Aw hell. I sit down at my computer for a millisecond, nursing my hangover, only to read in the New York Times an inane snippet of garbage from a self-promoting windbag in my own discipline. Here, enjoy this preposterous goody-sack of bullshit to welcome in the New Year. It’s written by Denis Dutton, philosopher (AOS, aesthetics) at the University of Canterbury. You probably know him better from his editorship of the otherwise very nice Arts and Letters Daily, an online clearinghouse with links to good reading.
I won’t bore you with the boring stuff (which is most of it), but the gist of the essay is that, oops, Y2K was ridiculous. Isn’t it ha-ha funny how worried people were about the end of the world back in 1999? We were so dumb and gullible back then.
Now that Y2K has been shown to be a farce, it only stands to reason that all other worries about the end of the world are similarly ha-ha funny. Dutton’s reasoning, I submit, is impeccable. Catastrophes simply don’t happen. Y2K demonstrates this.
All that worry about a nuclear winter? How dumb. Didn’t happen, wasn’t going to happen. The 1980s anti-nuke activists were a tittering cabal of sissies. Chatter from Central Asia about planes and buildings got you concerned? Never you mind, it’s idle hysteria. Nothing could ever happen. Catastrophism is an elixir of the masses. Bell-ringers in Louisiana scaring your children with fables of impending hurricanes and floods? Don’t sweat it. That’s just a few self-interested fraidy-cats drumming up fear. There’s never been a catastrophe ever at all in the world. Never will be. Y2K tells us everything we need to know about periods of public hysteria. Evidence be damned.
And yes, you know where this is going.
As if on cue, in the last few paragraphs of his asinine mental flatulation, he throws an elbow into “climate catastrophism,” though he doesn’t elaborate much. That’s probably a good thing, because he doesn’t seem to have much to elaborate on. What you get is just “his view.”

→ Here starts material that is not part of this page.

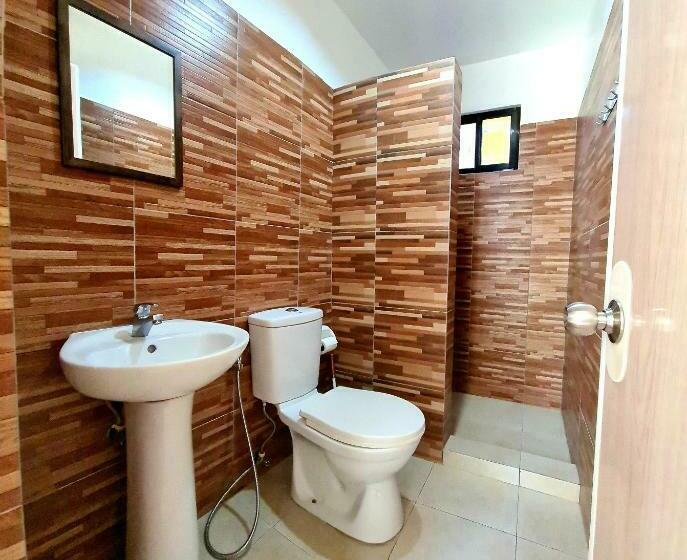 اتاق لوکس, Roos Guesthouse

Don’t get me wrong, I think the calamity frame is a serious problem for the climate debate. That’s not what bothers me about this essay. What bothers me is his stupid fracking hasty generalization that somehow Y2K serves as an extrapolatable case study in catastrophe hysteria. If you haven’t yet gotten the picture, this is a very weak argument.
(Yes, I have a hangover and yes, I’m cranky.)
UPDATE: Looks like Joe Romm sunk his teeth into this piece a few hours before I did.